Come insegna il fenomeno Macron in Francia servirebbe qualcosa capace di tagliare radicalmente il cordone ombelicale con le formazioni politiche legate alle grandi famiglie politiche che hanno dominato il secolo scorso. La domanda essenziale è: cosa significa oggi, in un contesto sociale ed economico profondamente mutato, «destra» o «sinistra»? “L’assenza di un ragionamento preliminare, spinge alla costruzione di movimenti e partiti o fusioni e alleanze fragili, di durata incerta. Così, per una parte cospicua degli italiani (59%) le tradizionali categorie destra/centro/sinistra oggi hanno perso significato, non sono più in grado di aiutare l’interpretazione dei fenomeni, e si ritrovano orfani di orizzonti culturali (e politici) di riferimento.
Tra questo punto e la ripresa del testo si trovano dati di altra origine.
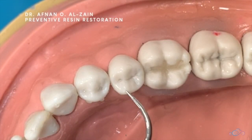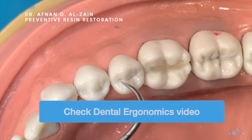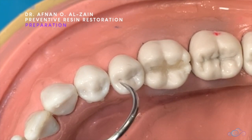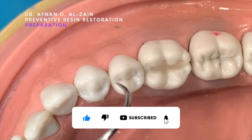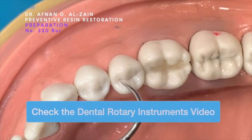In this video we're going to do a PRR restoration. We're going to create a small cavity — there is a caries, just a pit — then in the rest of the grooves we're going to apply fissure sealant. The first thing we're going to do is create this cavity using a 330 burr to a 1.5mm depth.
Dunque, alla forma partito, va anteposta una riflessione sulle culture politiche, sui valori di riferimento e sulle loro declinazioni: servono narrazioni nuove e coerenti”.
Insomma, va costruito un rapporto nuovo tra elettori e partiti, va rielaborata la “convenienza” a farsi rappresentare da una determinata formazione politica. “ Il confronto con un’analoga rilevazione avvenuta nel 2015 mette in luce come sia complessivamente aumentato l’interesse verso la politica. Quanti dichiarano d’identificarsi con un partito cresce leggermente (25,3%, era il 17,7% nel 2015) e così pure gli interessati (chi si sente semplicemente vicino a un partito: 27,1%, era il 18,0%). Soprattutto aumentano quanti hanno un rapporto negoziale (31,4%, era l’11,6%): valutano di volta in volta sulla base dei programmi e delle persone a chi dare il proprio voto. Ma, in particolare, diminuiscono fortemente i disillusi (16,2%, era il 52,7%), quanti non trovano partiti vicini alle proprie idee o ritengano non servano. Insomma, i distanti dalla politica. Dunque, l’affievolirsi della disillusione verso i partiti, più che favorire i processi di identificazione, alimenta un rapporto negoziale che va al di là degli schieramenti tradizionali e configura un elettore mobile e selettivo. Che utilizza il voto (e anche il non voto) in modo strumentale, meno di appartenenza”.